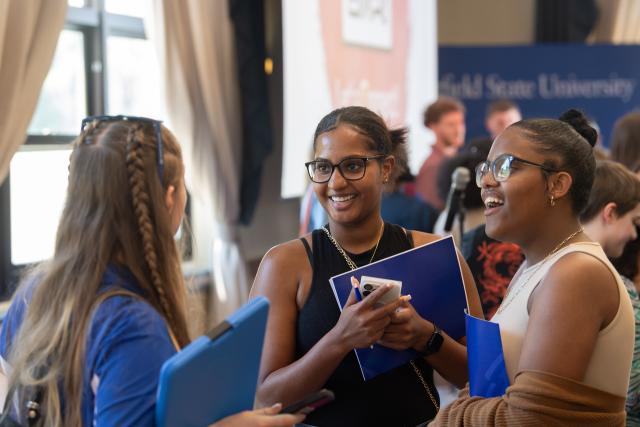 Students talking in a group at New Student Orientation.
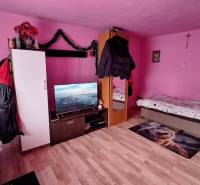 A pink room in a family house with beds, a television, and a wooden decor floor.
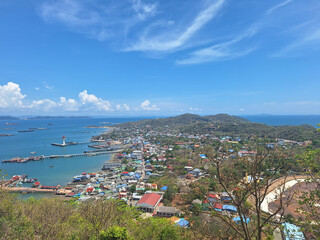The hills of Koh Sichang are full of colorful houses, overlooking the community and the port. View from Chulachomklao mountain Peak. The top sights in Ko Sichang Island, Chonburi, Thailand.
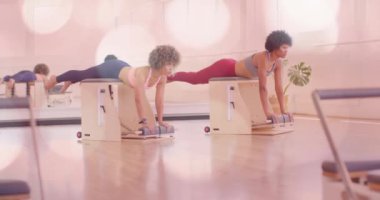 Pembe bokeh animasyon kaplamalı pilates aletleri üzerinde egzersiz yapan iki kadın. Spor, spor, egzersiz, sağlık, spor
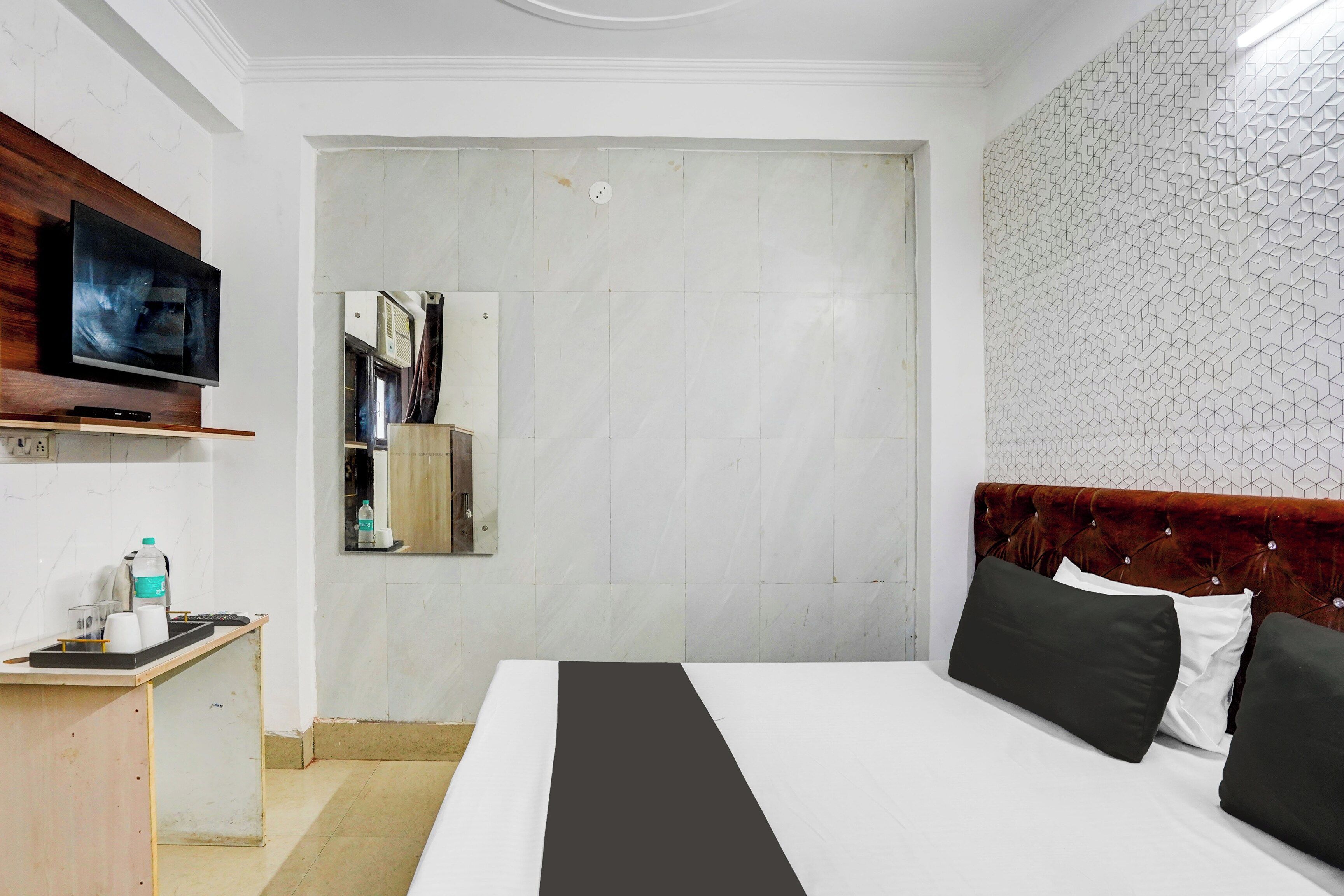 Een hotelkamer met een bed, een televisie, een klein bureau met een waterfles en een spiegel.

* * *

▶ _Action item_:
Your copy should hold the lines from the one with "A pink room" up to and including the one with "The hills of", exactly as in the data above, and no pictures.

▶ _Solution to this task_:
 A pink room in a family house with beds, a television, and a wooden decor floor.
The hills of Koh Sichang are full of colorful houses, overlooking the community and the port. View from Chulachomklao mountain Peak. The top sights in Ko Sichang Island, Chonburi, Thailand.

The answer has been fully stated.